In the midst of a crisis like the one we are now experiencing, with the speed of change and the necessity of adjustment, it is easy to lose perspective and focus only on the moment. I thought it would be helpful to remind us all of the bigger mission we serve. The core of what we do — teaching and learning — will continue, even if our method of delivery must change for now. We are here to serve our students, and each of us plays an important role in that endeavor.
I have asked our deans and members of my cabinet to work with their teams to identify people who are mission critical and must be on campus, and those who can continue their work at home. Beyond general guidelines, these decisions are best made at a local level, with input from the employees and supervisors who are closest to the work. The analyses and discussions that will inform these decisions are already taking place.

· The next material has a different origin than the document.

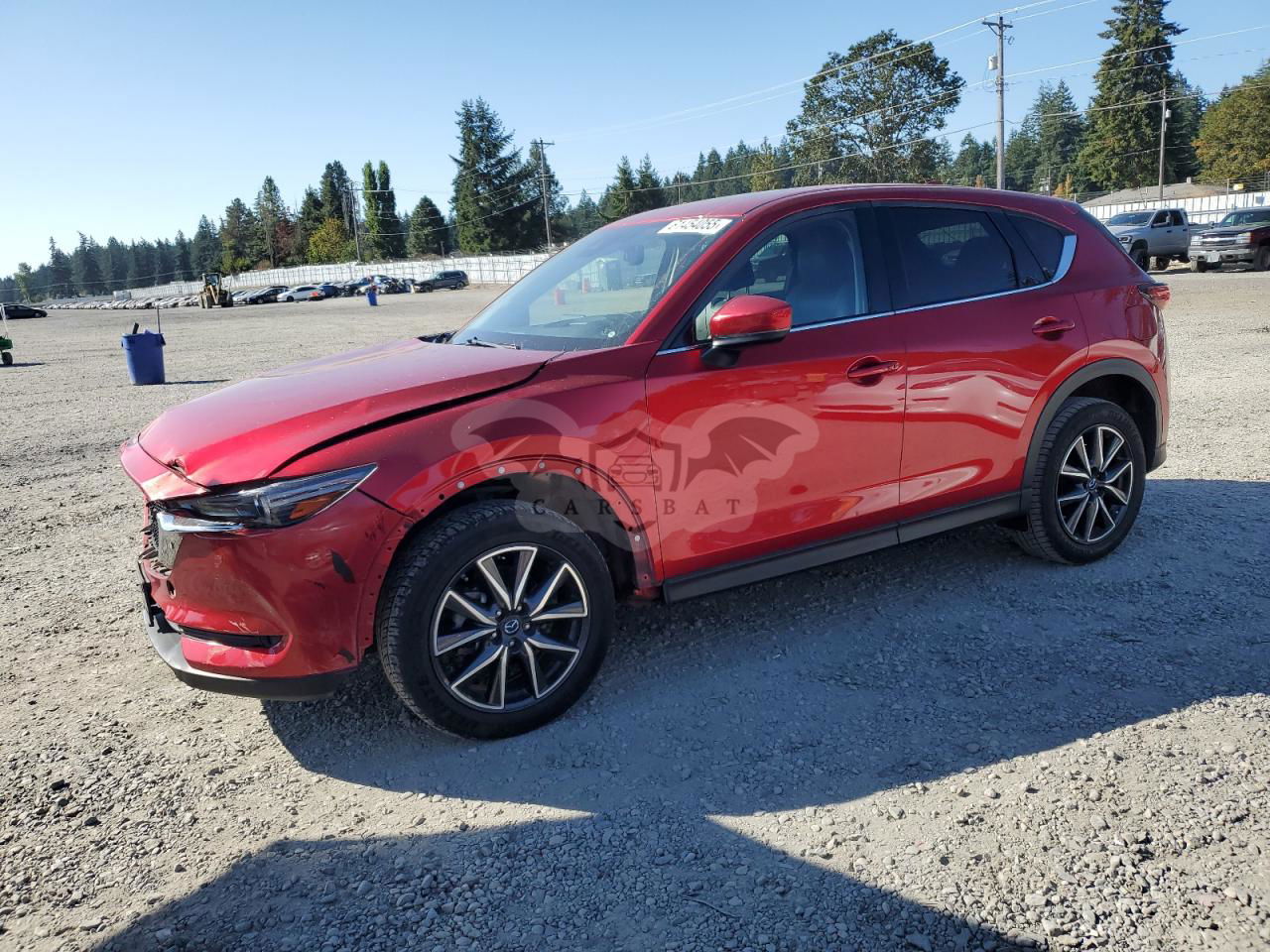 Mazda CX-5 GRAND TOURING 2.5L  4 2017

Some staff, due to the nature of their work and the availability of technology, can work from home. Other work cannot be done remotely. An example of this is housing and dining, which are required to serve some of our students, for whom the residence hall is their home. Although the libraries were closed by executive order from Governor Whitmer, we are working on an alternative plan to provide the technology that students need to continue their studies. This, too, will require people on campus to deliver these services. Research, another core mission of the university, also requires a different approach, and this will be discussed in subsequent communications. In all of these examples, services will be provided in a different manner, but they must continue if we are to carry out our academic mission.
Having some work from home while others must report to campus may seem unfair. I understand your feelings and share your concerns. We will do all we can to keep our work environment safe, including limiting the amount of personnel around you and instituting greater measures of cleaning and disinfecting. We ask for your understanding, and ask that you discuss any personal situations directly with your supervisor or your personal care provider. We do not wish anyone to take unnecessary risks.
Finally, more announcements are forthcoming, and we ask for your patience as we continue to adjust to this new world. This is a serious situation, but with all of us working together, supporting each other and serving our greater mission, we can make the best of this situation until it has passed. And, it will pass.